Some have said they have a problem remembering just what amount of gas they emitted before 1990. A U.N. committee has been formed to study the problem.
Foods causing gas in people and pets will only be sold to people with a "cutback to pre-1990 gaseous emissions level," sticker. The FDA is said to be working on a fail proof system of distributing the stickers to the right people and pets.
Tex-Mex joints are closing down all over the world.
And sources say chili and burritos have been banned from the face of the earth.
The Texan Chili Mafia has begun smuggling chili contraband to deviants throughout society.
Cops are busting burrito labs throughout the Heartland.
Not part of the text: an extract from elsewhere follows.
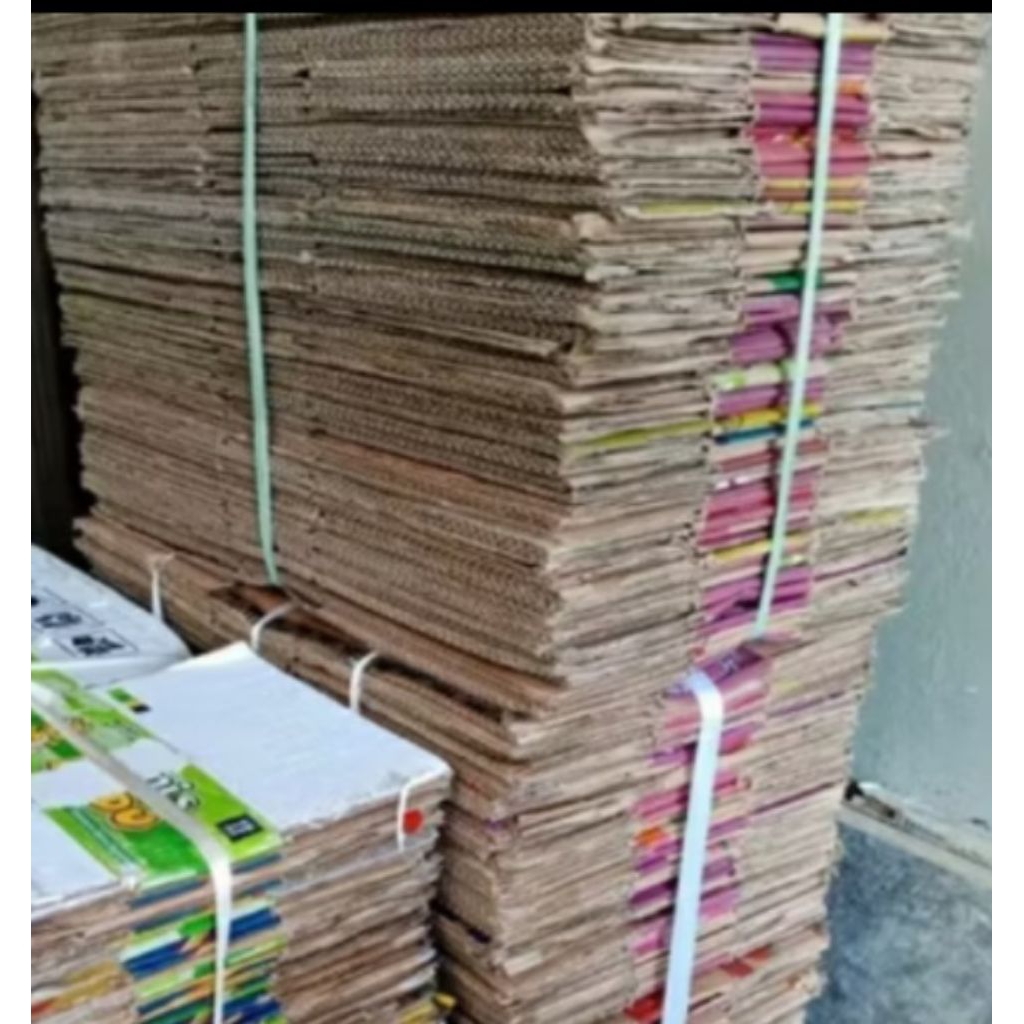 

Kardus Bekas Air Mineral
As bean crazed addicts race to area supermarkets to buy the ingredients for the illegal substance.
Chili and burrito recipes are showing up all over the Internet, prompting a government probe into censoring that vile tool of villainy once and for all.
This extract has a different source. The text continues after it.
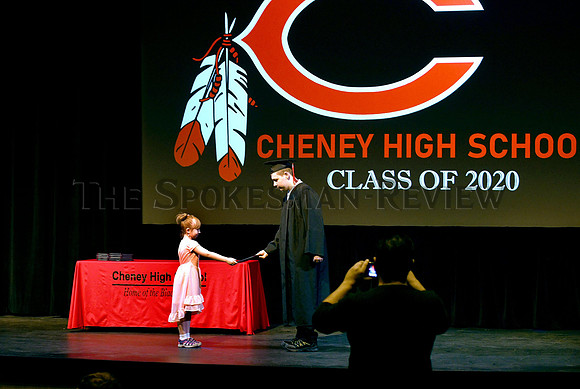 srx_Cheney_Grad_2_.jpg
And all volcanic activity that occurred before 1990 can continue, but any rogue volcanoes erupting after 1990 will just have to quit.
Government agents will be coming to the homes of everyone who received their driver's license after 1990 to take them back.
Everyone who enjoys soft drinks and beer will have to take their chances with drinks manufactured before 1990. Fizz, it seems, contributes to greenhouse gas build up in our atmosphere.
One positive note to the global warming agreement, all politicians have been marked as gaseous wind bags and will not be allowed to speak anymore.
Don King's mouth has been taped shut as well as Cape's own Rush Limbaugh and many other well-known expellers of large amounts of carbon dioxide.
But the biggest threat to the atmosphere, the cow, has perhaps been dealt the most harsh penalty.
Companies are rushing to copyright the "Cattle rear-end stopper."
In some field tests the cows have been seen as bloated and on occasion they've just blown up. Environmentalist warn that the explosions are no good for the atmosphere either, but it's better than what we had before.
Farmers and NASA are working on an elaborate tubing system that eventually feeds into a large tube that extends into deep space as a possible solution to the cow situation.
Training the animals to use the tube will be a difficult task, but universities around the world are developing curriculums for the new field.
Another problem posed by this project is the hole it will leave in the Ozone layer when the tube punctures the Earth's outermost atmosphere and pushes its way into deep space.
Astronauts and Cosmonauts on the space station Mir are greatly opposed to the tube idea.
Aviators around the world are also against the tubing system because it will cause more airplane crashes. Environmentalists say that their concerns are moot, since air travel will soon be banned for good.
"And that goes for those Astronaut babies as well," an environmentalist said just before he broke into the song "Plant a tree for your tomorrow..."
Opponents to the global warming pact have collectively said "you can blow it out your..." But that would be against the law.